January 27, 2003

The Ruralization of the Internet

Adam at V-2 points out several graphics that amply illustrate the socio-geographic divide that underpins the internet. The first is an excellent interactive graphic showing the distribution of blogs around the world. The result is remarkably predictable. The usual suspect of Europe, America and whiter of the English Commonwealth countries lead the pack, with Japan also showing up respectably. Mainland Asia and the Southern Hemisphere? Barely there. The second graphic, a map of all the wi-fi spots in Manhattan shows the same digital divide reoccurring fractal like on a smaller scale. Harlem and points north are poorly represented, while the far wealthier areas of the southern half of the island are virtually blanketed with points. The very scary exception is the chunk of downtown comprised almost entirely of government buildings, which appears to be wi-fi free...

Now the digital divide is a well known phenomena, all be it one that still hasn't been solved. I'm more interested in the distribution of people and information on the internet itself. And what's worries me about those distributions is that they have very strong magnifying potential. That on the internet itself we will find a distribution of power, where certain social groups will find themselves in privileged places that allow for a consolidation of power.

I only have anecdotal evidence of the stratification of the internet, but its enough to be worrying. There are only a few strong social structures on the web: mailing lists, bulletin boards and their cousin the usenet, chat rooms, and linkrings are the ones I can think of offhand.

These communities often start out completely open, anyone can post or join in, provided of course they can find the place. But as these communities grow in prominence they begin to attract unruly members. Spammers and trolls are the most notorious problems. At the same time the shear effects of growth often hurt the community. Signal to noise ratios worsen, or the volume of the noise just gets loud enough to be annoying. The shear number of posts can discourage participation, and the new members often repeat old conversations at the annoyance of the old guard. The result is a need to regulate the community.

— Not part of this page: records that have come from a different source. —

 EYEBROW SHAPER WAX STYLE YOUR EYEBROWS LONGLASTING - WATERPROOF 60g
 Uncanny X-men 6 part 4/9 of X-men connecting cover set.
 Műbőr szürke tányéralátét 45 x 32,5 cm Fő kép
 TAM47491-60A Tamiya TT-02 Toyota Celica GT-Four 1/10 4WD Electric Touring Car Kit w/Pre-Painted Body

There are a handful of techniques of regulation. Slashdot and Kuro5hin style user moderation are among the most democratic. Often only a few individuals are allowed to moderate. But moderation is an intensive job, often its easier to just close the gates. Some sites like the late Dreamless hide their entrance so only those in the know can get access. Others like the Pho list require members to apply for entry. The most exclusive like John Brockman's Edge list are invitation only, a secret society for the information age. Linkrings like those found in the blogger community, are an organic form of invitation only. Bloggers tend to post links to other bloggers they like. Follow these links and you'll quickly wind up back at your starting point. These links tend to reinforce each other, strengthening the positions of the most prominent bloggers, while pushing others to the sidelines.

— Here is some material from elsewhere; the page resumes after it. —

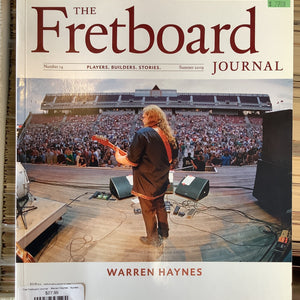 The Fretboard Journal - Warren Haynes - Number 14, Summer 2009 (magazine)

None of this is a huge surprise. It mirrors the processes found in governments, religions, secret societies and businesses. Like minded people tend to seek each others company and find that keeping others out increases the level of conversation. And often increases their power as well. The internet just makes this process fast and global. If news aggregators and the like represent a suburbanization of the internet, then this is a far older process, a tribalization, or ruralization of the internet.

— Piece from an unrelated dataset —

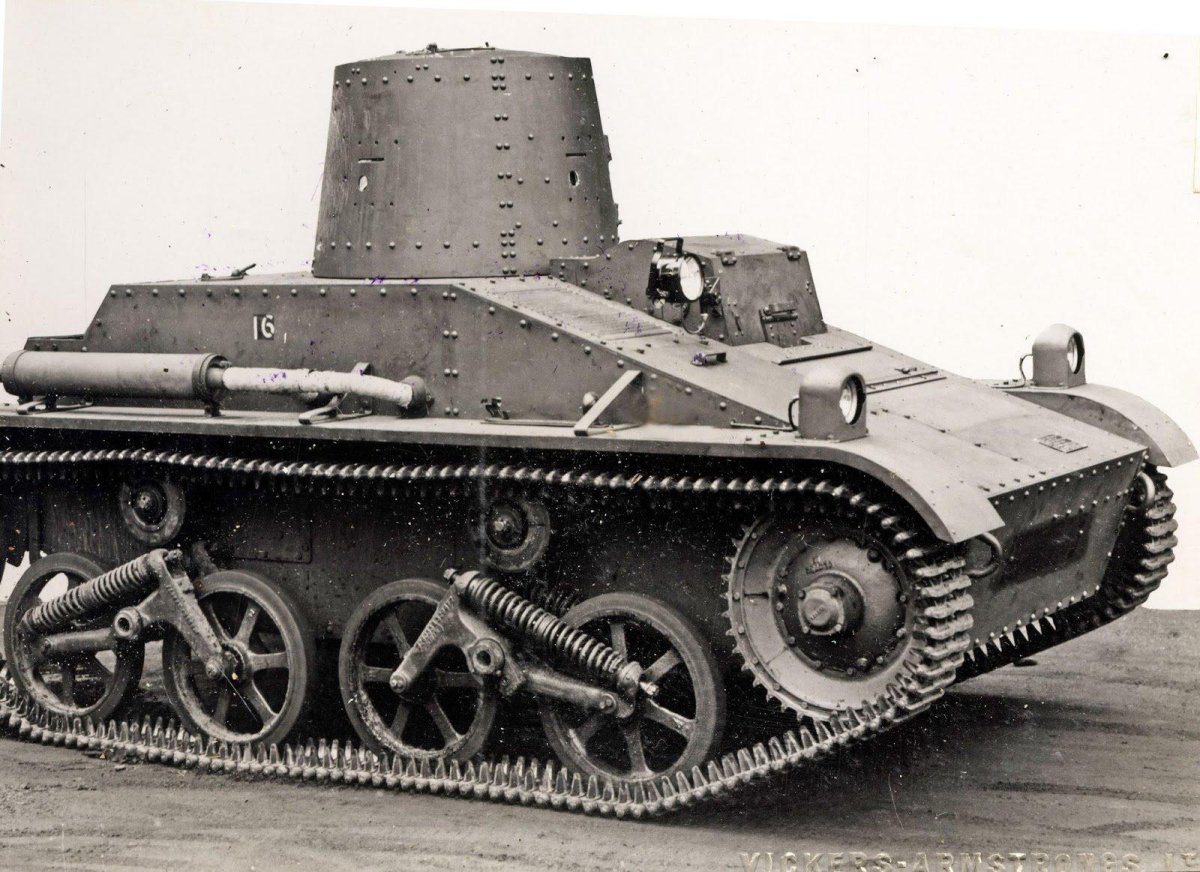 Vickers m1934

Each social group is a remarkably isolated information bubble. It might have some established trading routes with other groups with similar interests, but thats about it. The nettime list for instance is limited to discussions of the social implications of technology with a dose of politics and art. Posts from the rhizome net art list, or the futurefeedforward scifi satire list are sometimes brought into the mix by certain trader individuals. But the subjects are well defined, and as insular as an isolated agricultural village. And since these groups often serve as news sources for members, they restrict the diversity of information even more then news aggregators can.

When power is thrown into the mix the result is stratification. A closed group with many powerful members serves to consolidate power. They have an excellent means of communication and sharing information. A group with a few powerful members and other less powerful ones can work as a funnel, bringing members into more prominent positions. And groups without much power? They just get locked out.

Combine this effect with the already existing digital divide and the result is amplification. For all the talk of internet revolution and how it evens the playing field its just not true. Sure there are opportunities for new groups to seize power, new ways for oppositions to organize. But like all revolutions the promises of power for everyone rapidly seem to be shifting towards power to a new group of people. The more things change...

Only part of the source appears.